**What you need to do**. Take the lines of the data below from the very first through the line containing "Foto 1 de Cobertura" and output them exactly, pictures excluded.

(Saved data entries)
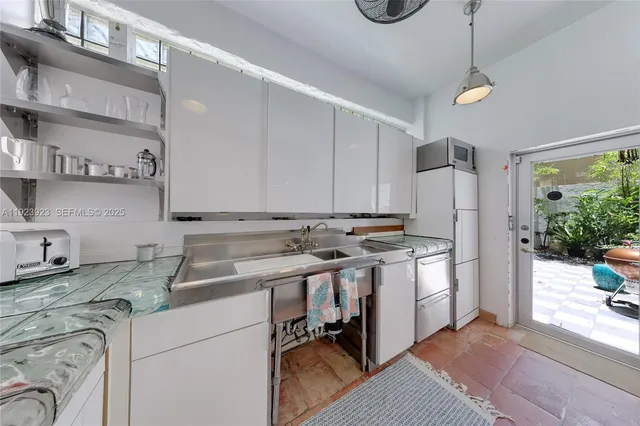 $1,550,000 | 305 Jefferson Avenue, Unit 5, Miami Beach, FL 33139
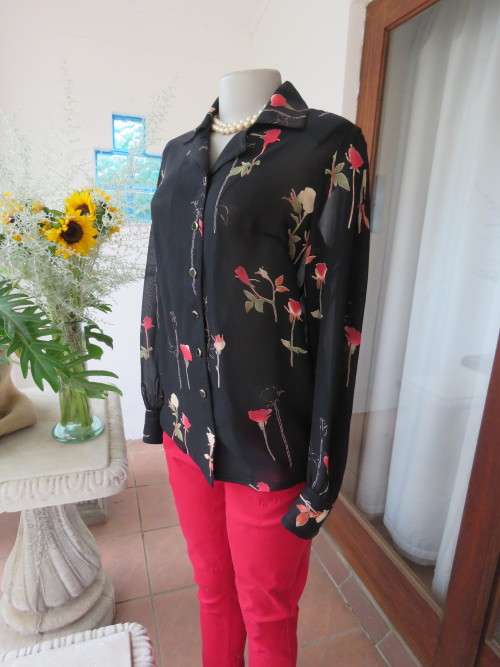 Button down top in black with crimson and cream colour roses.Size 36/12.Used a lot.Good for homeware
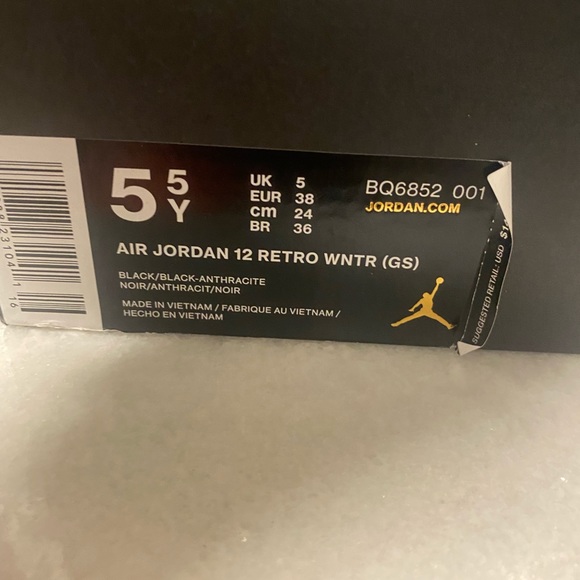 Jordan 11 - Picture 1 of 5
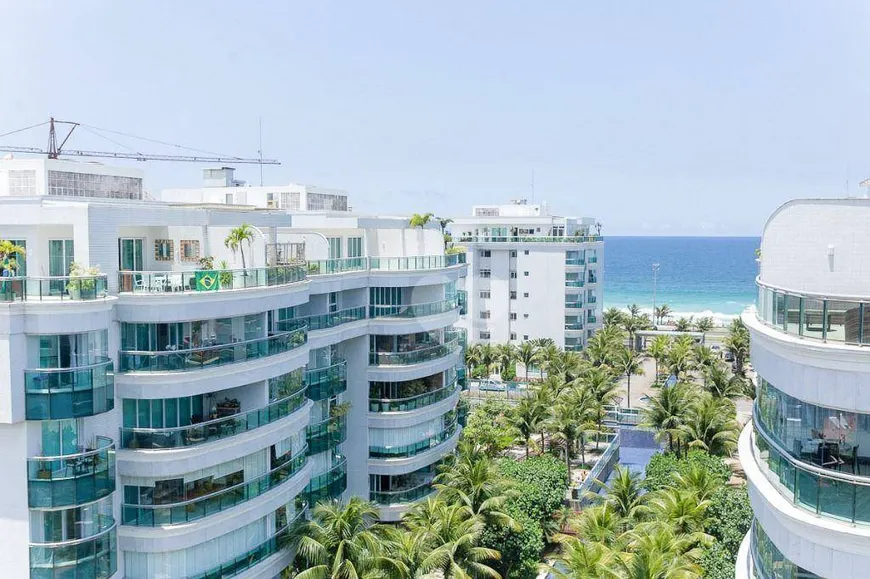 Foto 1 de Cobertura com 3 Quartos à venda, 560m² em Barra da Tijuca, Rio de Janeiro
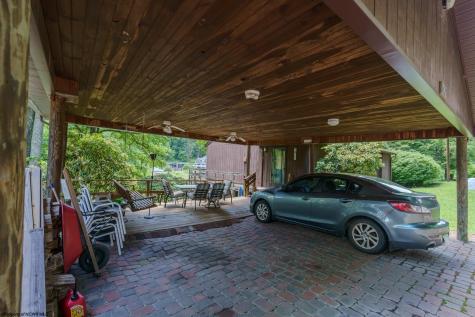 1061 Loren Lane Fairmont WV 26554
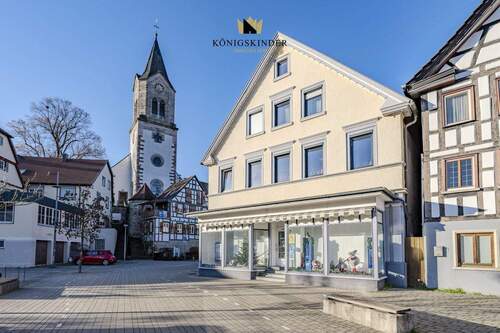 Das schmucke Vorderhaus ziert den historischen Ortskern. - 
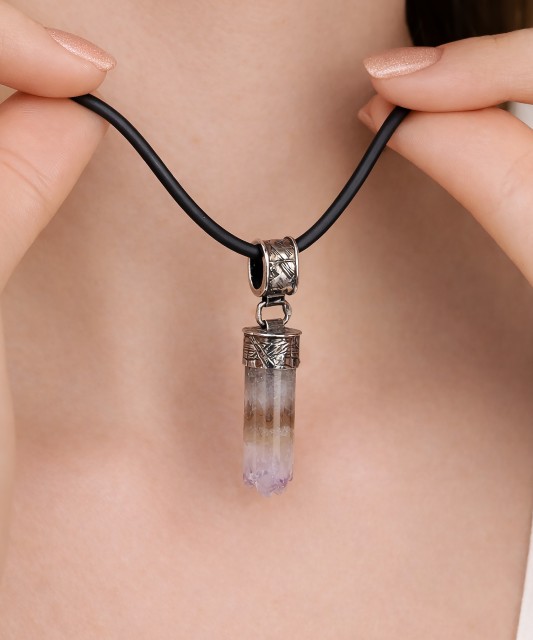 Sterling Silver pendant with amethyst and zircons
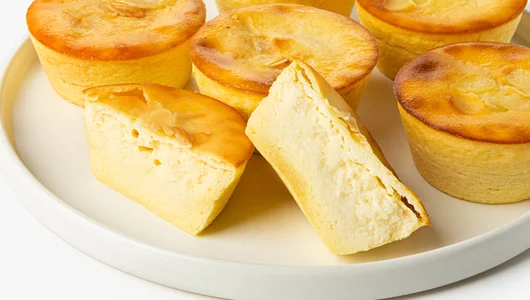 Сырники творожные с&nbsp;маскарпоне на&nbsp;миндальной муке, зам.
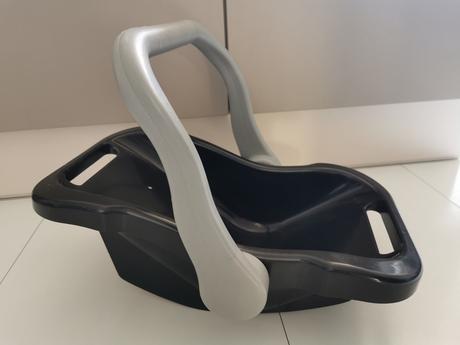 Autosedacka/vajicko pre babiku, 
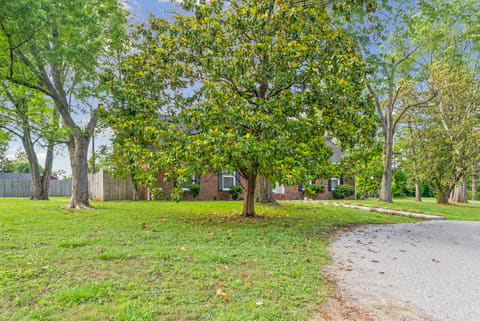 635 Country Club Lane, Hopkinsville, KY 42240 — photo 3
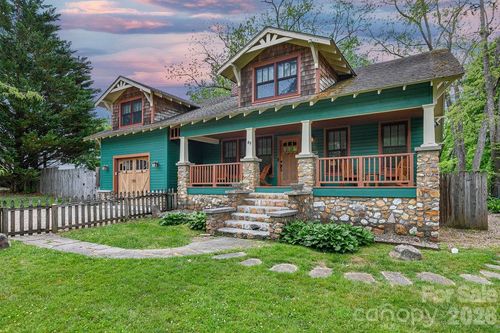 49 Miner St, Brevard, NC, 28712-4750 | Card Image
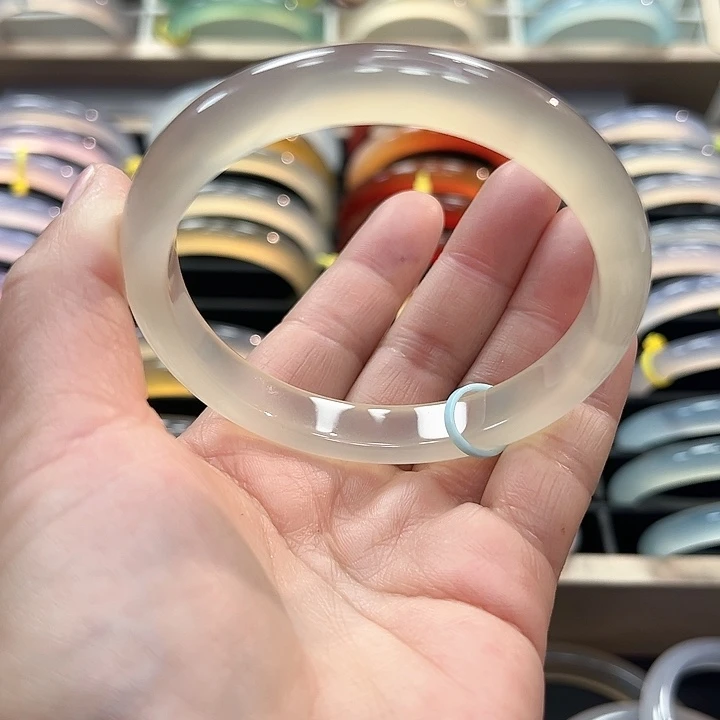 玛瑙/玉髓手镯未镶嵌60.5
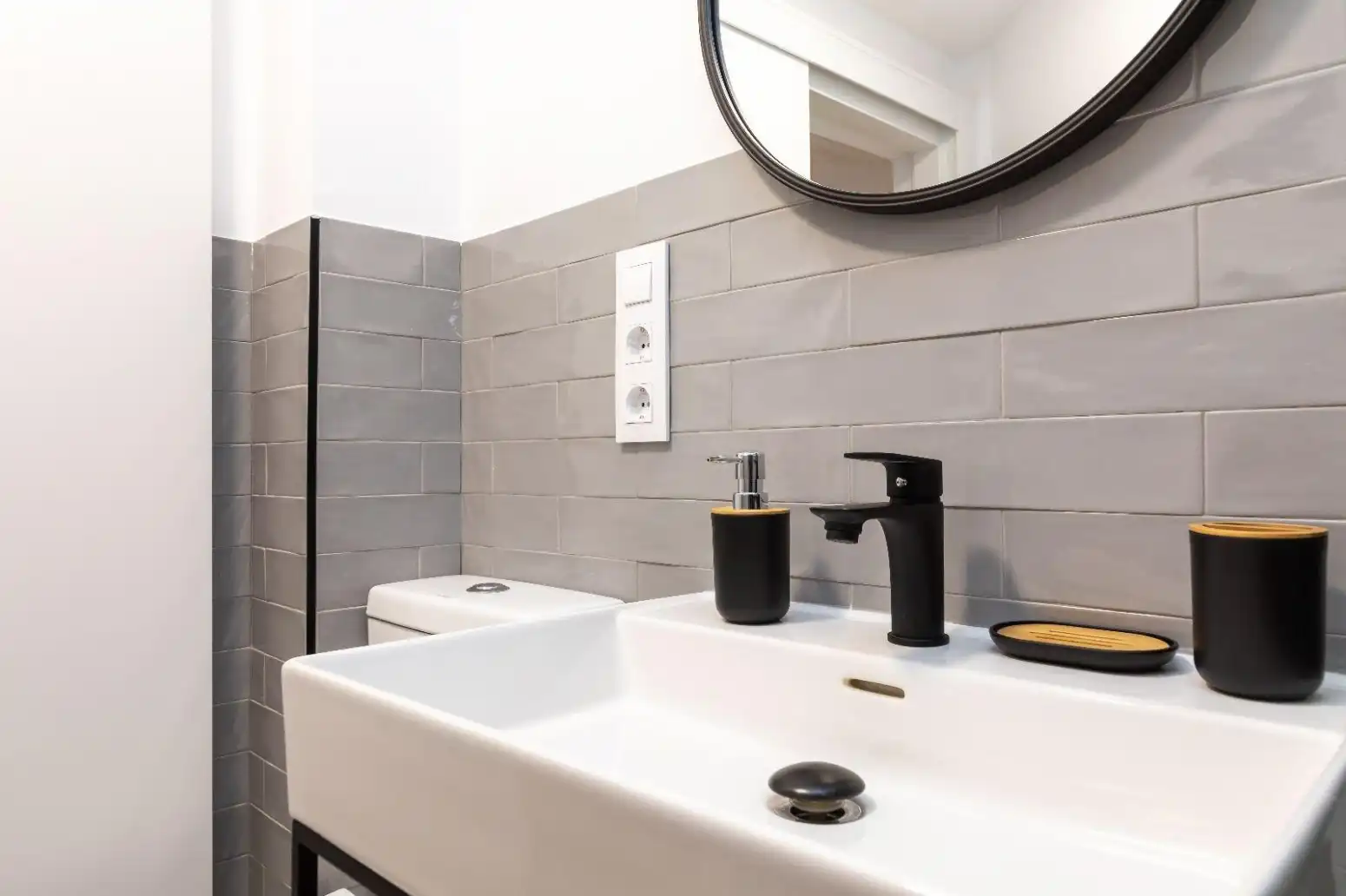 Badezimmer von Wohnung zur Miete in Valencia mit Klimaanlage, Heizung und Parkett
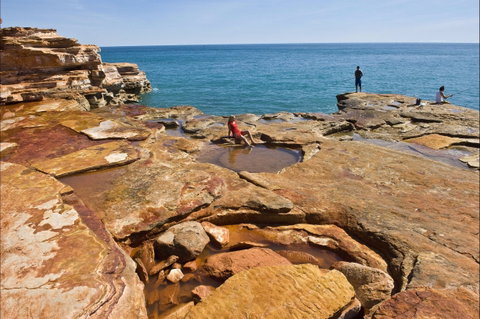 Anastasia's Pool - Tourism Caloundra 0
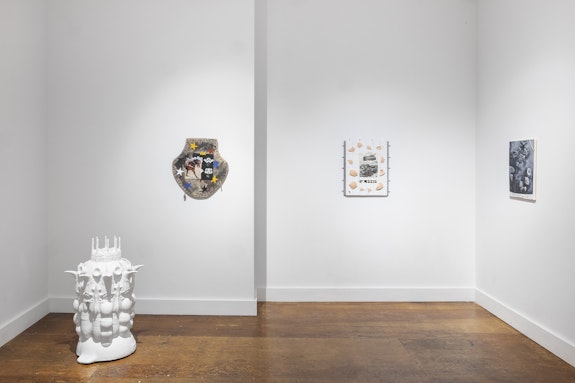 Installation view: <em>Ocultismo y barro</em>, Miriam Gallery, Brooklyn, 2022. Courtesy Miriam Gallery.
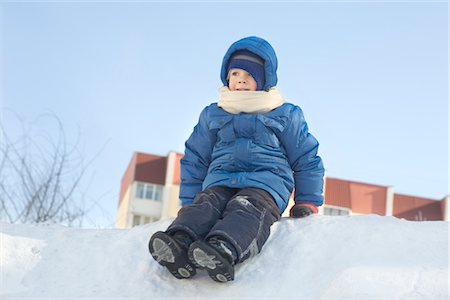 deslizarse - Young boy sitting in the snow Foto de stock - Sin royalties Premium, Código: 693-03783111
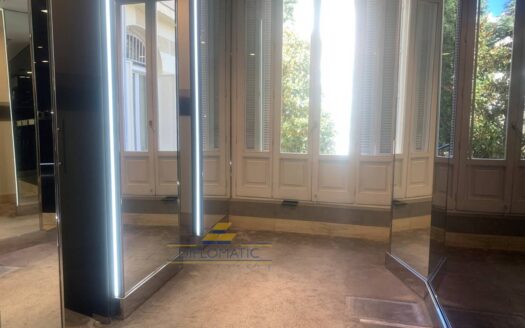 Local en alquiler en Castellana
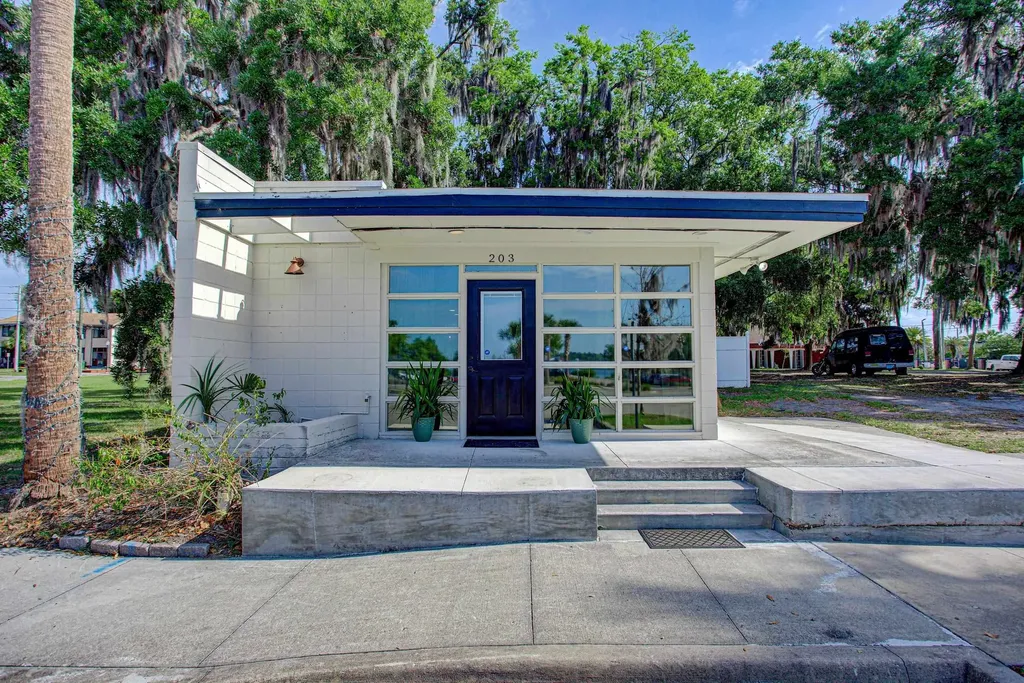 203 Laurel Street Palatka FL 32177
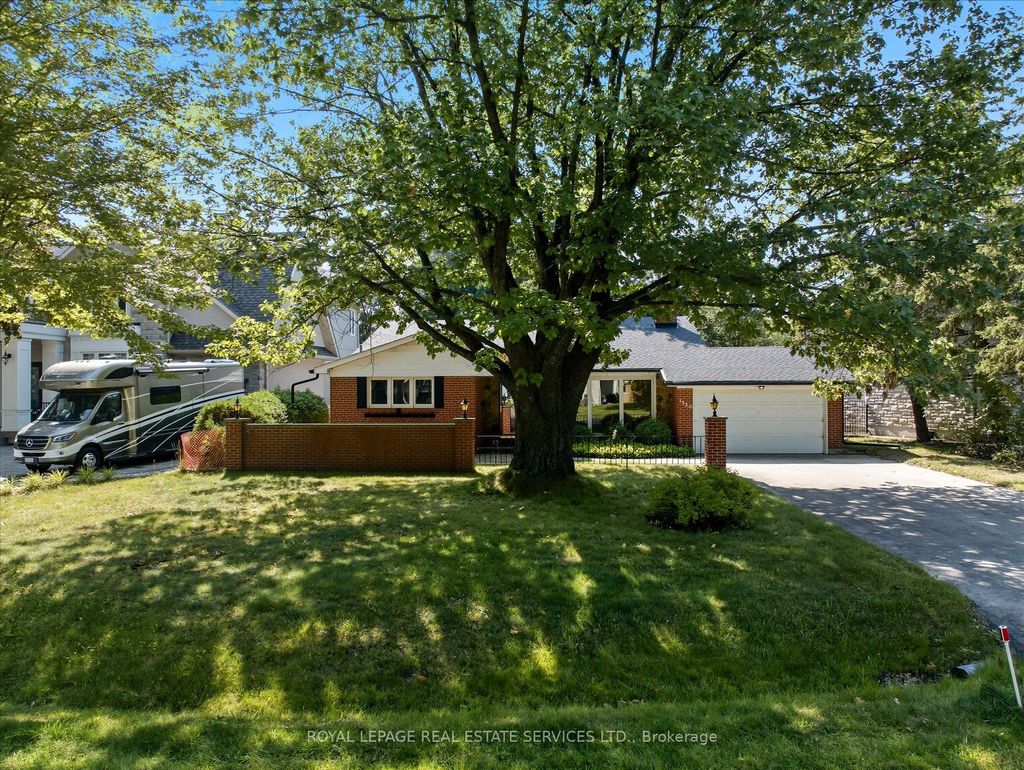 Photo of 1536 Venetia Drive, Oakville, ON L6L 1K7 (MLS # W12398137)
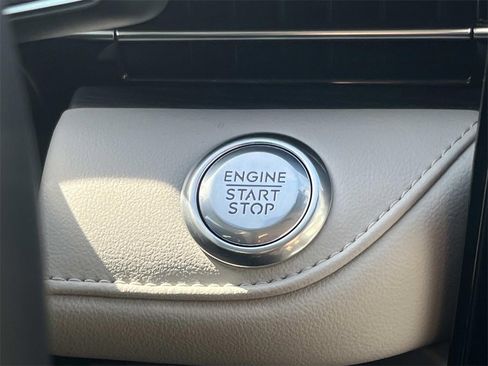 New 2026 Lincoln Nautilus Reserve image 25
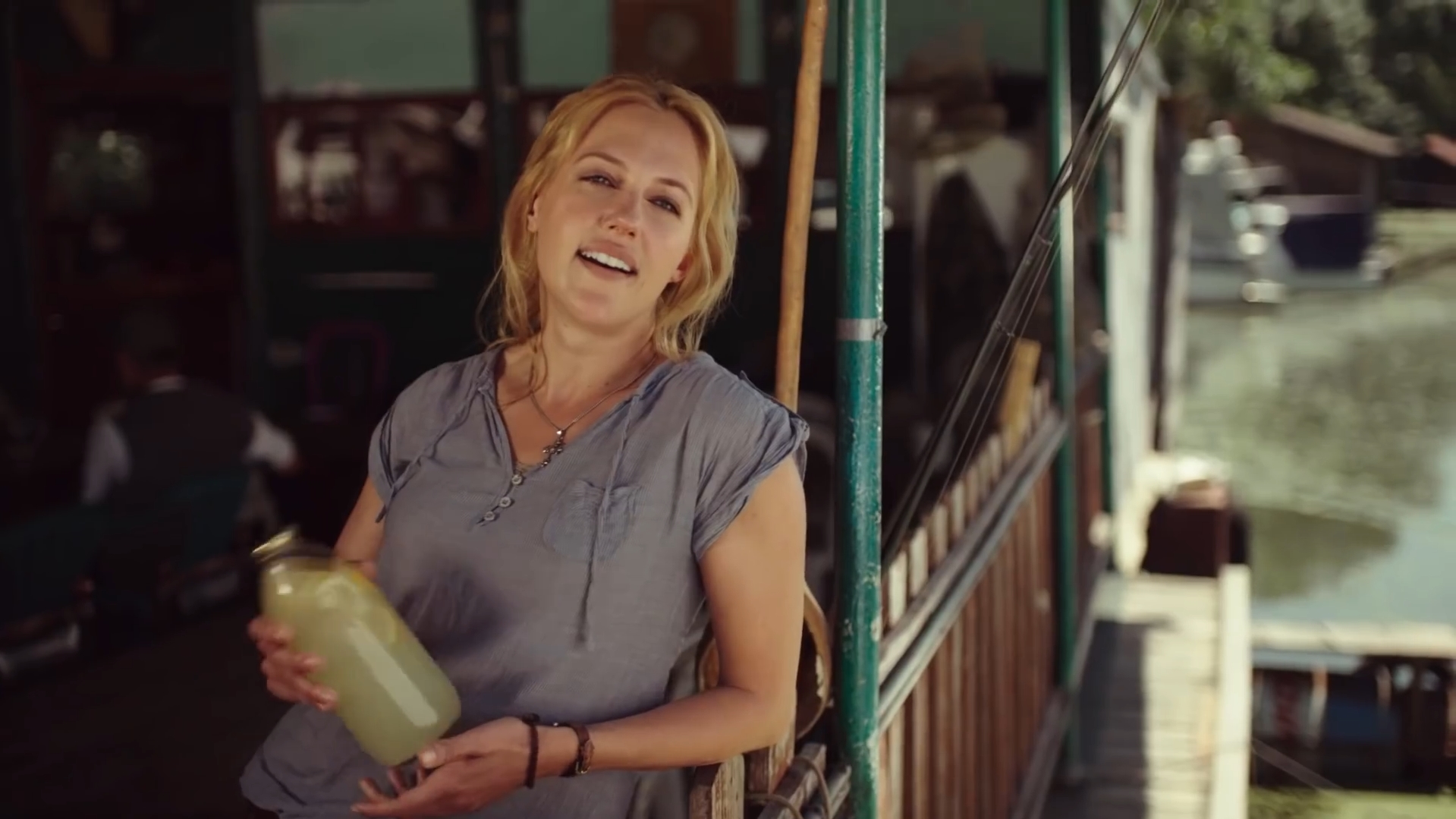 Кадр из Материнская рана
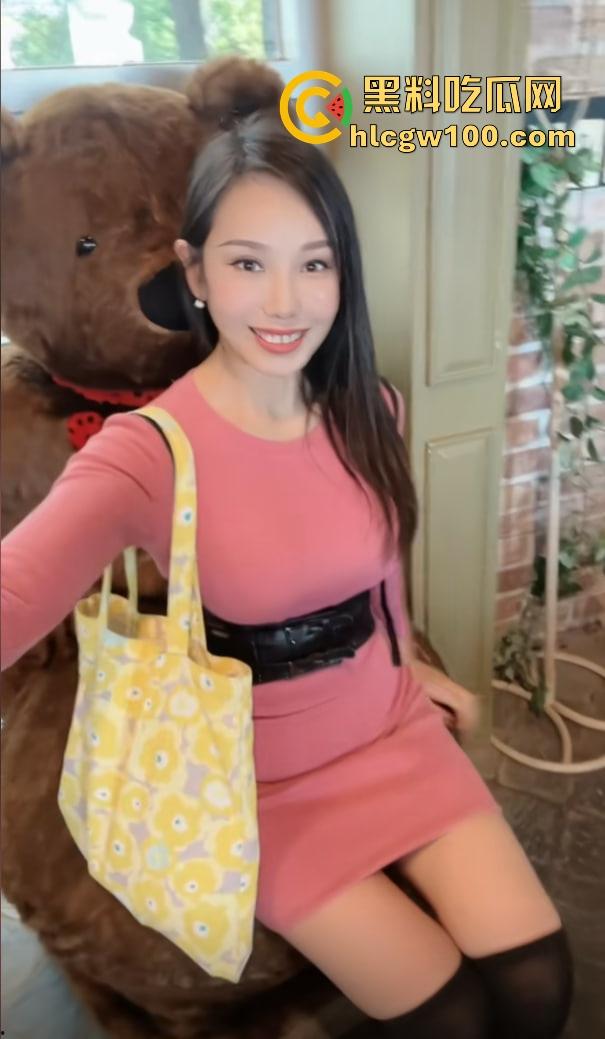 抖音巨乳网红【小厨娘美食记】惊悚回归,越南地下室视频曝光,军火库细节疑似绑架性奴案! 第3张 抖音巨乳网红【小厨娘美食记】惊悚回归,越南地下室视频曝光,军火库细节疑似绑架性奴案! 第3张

**Output for this task**.
 $1,550,000 | 305 Jefferson Avenue, Unit 5, Miami Beach, FL 33139
 Button down top in black with crimson and cream colour roses.Size 36/12.Used a lot.Good for homeware
 Jordan 11 - Picture 1 of 5
 Foto 1 de Cobertura com 3 Quartos à venda, 560m² em Barra da Tijuca, Rio de Janeiro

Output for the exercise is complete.